I'm assuming the exception is happening within an internal .NET method, and not in your code.

You can do a couple things.

Write code that checks the xsl for infinite recursion and notifies the user prior to applying a transform (Ugh).
Load the XslTransform code into a separate process (Hacky, but less work).

You can use the Process class to load the assembly that will apply the transform into a separate process, and alert the user of the failure if it dies, without killing your main app.

EDIT: I just tested, here is how to do it:

MainProcess:

// This is just an example, obviously you'll want to pass args to this.
Process p1 = new Process();
p1.StartInfo.FileName = "ApplyTransform.exe";
p1.StartInfo.UseShellExecute = false;
p1.StartInfo.WindowStyle = ProcessWindowStyle.Hidden;

p1.Start();
p1.WaitForExit();

if (p1.ExitCode == 1)    
   Console.WriteLine("StackOverflow was thrown");

ApplyTransform Process:

class Program
{
    static void Main(string[] args)
    {
        AppDomain.CurrentDomain.UnhandledException += new UnhandledExceptionEventHandler(CurrentDomain_UnhandledException);
        throw new StackOverflowException();
    }

    // We trap this, we can't save the process, 
    // but we can prevent the "ILLEGAL OPERATION" window 
    static void CurrentDomain_UnhandledException(object sender, UnhandledExceptionEventArgs e)
    {
        if (e.IsTerminating)
        {
            Environment.Exit(1);
        }
    }
}

Solution 2:

NOTE The question in the bounty by @WilliamJockusch and the original question are different.

This answer is about StackOverflow's in the general case of third-party libraries and what you can/can't do with them. If you're looking about the special case with XslTransform, see the accepted answer.

Stack overflows happen because the data on the stack exceeds a certain limit (in bytes). The details of how this detection works can be found here.

I'm wondering if there is a general way to track down StackOverflowExceptions. In other words, suppose I have infinite recursion somewhere in my code, but I have no idea where. I want to track it down by some means that is easier than stepping through code all over the place until I see it happening. I don't care how hackish it is.
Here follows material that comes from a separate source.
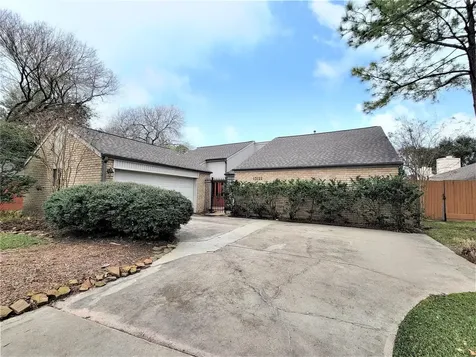 13122 Waldemere Drive Houston TX 77077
As I mentioned in the link, detecting a stack overflow from static code analysis would require solving the halting problem which is undecidable. Now that we've established that there is no silver bullet, I can show you a few tricks that I think helps track down the problem.

I think this question can be interpreted in different ways, and since I'm a bit bored :-), I'll break it down into different variations.

Detecting a stack overflow in a test environment

Basically the problem here is that you have a (limited) test environment and want to detect a stack overflow in an (expanded) production environment.

Instead of detecting the SO itself, I solve this by exploiting the fact that the stack depth can be set. The debugger will give you all the information you need. Most languages allow you to specify the stack size or the max recursion depth.

Basically I try to force a SO by making the stack depth as small as possible. If it doesn't overflow, I can always make it bigger (=in this case: safer) for the production environment. The moment you get a stack overflow, you can manually decide if it's a 'valid' one or not.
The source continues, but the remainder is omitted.